寂しさを感じない男たち
離婚して2年が経った今、独身生活に寂しさを感じることはないのだろうか。
「離婚して今2年になりますけど、本当に楽ちんです。楽で楽でしょうがない。結婚していた時は、妻だけでなく、自分も色々なことを我慢していたのかもしれない、と感じています。
僕、『寂しい』という概念がないんですよね。その概念だけが、子どもの頃から明らかに欠落しているんです。寂しさよりも、価値観や文化の異なる他人と一緒に過ごすことの煩わしさの方が大きい。世間的には、独身だから寂しいと思われがちですが、それほど単純な話ではないと思います。
独身男性は早死にするというデータがあり、あたかも社会問題であるかのように報じられていますが、当事者からすれば、『いや、別にそんな長生きする気もないし』となるのではないでしょうか」
世間の認識と、渦中にいる当事者の認識との間に大きなズレがあるのは、あらゆる社会問題に共通することである。孤独をめぐる問題については、そもそも当事者が自分が孤独であることを問題視していないケースが少なくない、ということは確実に言えるだろう。
「本人たちにとっては、孤独であることは別に問題じゃないんですもん。孤独死が社会問題になるのはわかりますが、実際に本人たちが最後の瞬間、何を思っているかは分からない。
当の本人たちにしてみれば、孤独であることに対する恐怖や危機感って、それほど抱えていないんじゃないですかね。仮にそうした感情があったとしても、孤独を乗り越えるために誰かと共同生活をしなくちゃいけない、みたいなことを言われたら、『あっ、だったら孤独で全然大丈夫です』と答える人の方が多いのではないでしょうか」
孤独と童貞
男性の孤独と切り離せない問題が、性の問題である。関川さんは、孤独な男性にとってのセックスは、結婚と同様、「したいけれど、困難を乗り越えてまでやりたいとは思わない」ものだと考えている。
「色々な統計データを見ると、30歳の時点で童貞である男性は、全体の約3割だそうです。
30歳の時に童貞だった人は、多分40歳になっても50歳になっても童貞でしょう。こうしたアンケート調査にすら見栄を張る人がいるので、僕としては、体感的に世の中の男性の3割5分ぐらいは童貞だと思っています。

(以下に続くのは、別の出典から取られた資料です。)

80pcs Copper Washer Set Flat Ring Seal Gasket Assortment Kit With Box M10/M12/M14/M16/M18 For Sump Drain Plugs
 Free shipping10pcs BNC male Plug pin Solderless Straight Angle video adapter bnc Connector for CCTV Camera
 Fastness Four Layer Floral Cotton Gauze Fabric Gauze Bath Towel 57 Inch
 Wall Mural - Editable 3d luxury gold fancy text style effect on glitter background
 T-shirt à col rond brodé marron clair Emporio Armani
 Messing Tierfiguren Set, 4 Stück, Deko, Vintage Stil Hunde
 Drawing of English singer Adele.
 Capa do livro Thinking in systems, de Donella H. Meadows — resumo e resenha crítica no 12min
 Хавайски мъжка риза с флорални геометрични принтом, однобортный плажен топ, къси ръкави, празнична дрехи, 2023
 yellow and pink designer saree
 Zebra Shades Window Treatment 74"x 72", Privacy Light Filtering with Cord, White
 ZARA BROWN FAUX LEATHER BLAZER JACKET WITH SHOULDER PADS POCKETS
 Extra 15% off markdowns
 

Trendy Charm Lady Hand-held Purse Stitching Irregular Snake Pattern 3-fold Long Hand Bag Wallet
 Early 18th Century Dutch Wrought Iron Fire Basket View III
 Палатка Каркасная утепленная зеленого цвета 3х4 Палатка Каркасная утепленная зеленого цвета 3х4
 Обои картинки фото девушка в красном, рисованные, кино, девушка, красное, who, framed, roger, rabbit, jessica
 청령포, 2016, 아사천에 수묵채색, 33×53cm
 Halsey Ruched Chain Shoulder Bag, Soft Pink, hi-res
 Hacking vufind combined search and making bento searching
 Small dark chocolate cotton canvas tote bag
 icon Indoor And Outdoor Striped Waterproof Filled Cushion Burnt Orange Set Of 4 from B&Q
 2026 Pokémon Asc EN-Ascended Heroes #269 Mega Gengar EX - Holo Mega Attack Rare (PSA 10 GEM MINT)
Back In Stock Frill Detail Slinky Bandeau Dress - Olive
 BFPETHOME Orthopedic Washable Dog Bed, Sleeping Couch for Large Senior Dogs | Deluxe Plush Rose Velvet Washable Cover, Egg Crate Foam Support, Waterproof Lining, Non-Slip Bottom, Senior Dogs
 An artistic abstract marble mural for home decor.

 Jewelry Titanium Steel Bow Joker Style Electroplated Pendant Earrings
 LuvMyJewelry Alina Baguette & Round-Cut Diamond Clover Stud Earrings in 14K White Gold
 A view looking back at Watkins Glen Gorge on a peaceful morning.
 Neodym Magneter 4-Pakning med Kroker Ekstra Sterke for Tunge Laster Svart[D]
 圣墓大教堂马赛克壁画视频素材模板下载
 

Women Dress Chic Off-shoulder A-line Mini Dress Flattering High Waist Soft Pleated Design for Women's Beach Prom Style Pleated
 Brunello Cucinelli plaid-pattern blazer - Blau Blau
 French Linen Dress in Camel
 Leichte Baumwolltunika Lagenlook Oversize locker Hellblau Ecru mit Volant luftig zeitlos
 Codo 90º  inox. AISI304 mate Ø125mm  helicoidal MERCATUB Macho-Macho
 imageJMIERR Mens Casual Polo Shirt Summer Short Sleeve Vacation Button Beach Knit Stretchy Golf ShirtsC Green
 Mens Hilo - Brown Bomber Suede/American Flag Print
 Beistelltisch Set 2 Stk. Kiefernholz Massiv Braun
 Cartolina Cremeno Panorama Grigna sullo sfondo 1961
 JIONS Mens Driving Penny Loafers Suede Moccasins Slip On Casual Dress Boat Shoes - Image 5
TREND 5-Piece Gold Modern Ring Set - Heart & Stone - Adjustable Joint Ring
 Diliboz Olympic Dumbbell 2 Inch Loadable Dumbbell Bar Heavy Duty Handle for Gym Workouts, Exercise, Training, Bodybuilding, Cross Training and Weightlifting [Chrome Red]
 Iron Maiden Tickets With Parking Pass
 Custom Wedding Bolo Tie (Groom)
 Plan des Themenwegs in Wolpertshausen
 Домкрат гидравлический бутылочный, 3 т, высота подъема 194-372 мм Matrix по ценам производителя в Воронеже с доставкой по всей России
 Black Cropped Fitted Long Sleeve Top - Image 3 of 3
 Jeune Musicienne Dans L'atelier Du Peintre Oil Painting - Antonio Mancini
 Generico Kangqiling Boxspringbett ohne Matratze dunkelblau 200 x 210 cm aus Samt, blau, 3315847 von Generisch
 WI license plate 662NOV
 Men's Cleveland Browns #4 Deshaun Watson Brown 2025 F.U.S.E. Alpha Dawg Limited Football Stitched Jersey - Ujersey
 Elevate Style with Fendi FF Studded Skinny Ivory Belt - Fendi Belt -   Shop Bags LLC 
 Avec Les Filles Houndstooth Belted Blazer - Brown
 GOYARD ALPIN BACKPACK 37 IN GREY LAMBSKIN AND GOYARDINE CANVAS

そうした男性たちは、セックスしたいという欲求はあるかもしれないけれど、そのために女性を口説いて断られたり、うまくできなくて惨めな思いをしたりするぐらいだったら、そこまでしてやりたくない、と考えているのではないでしょうか。確かに孤独だけれども、そうした困難を乗り越えてまで解消したいとは思わない、という程度の孤独なのだと思います。他人と関わる煩わしさを乗り越えてまで、孤独から脱出したくない、という人は多いはずです。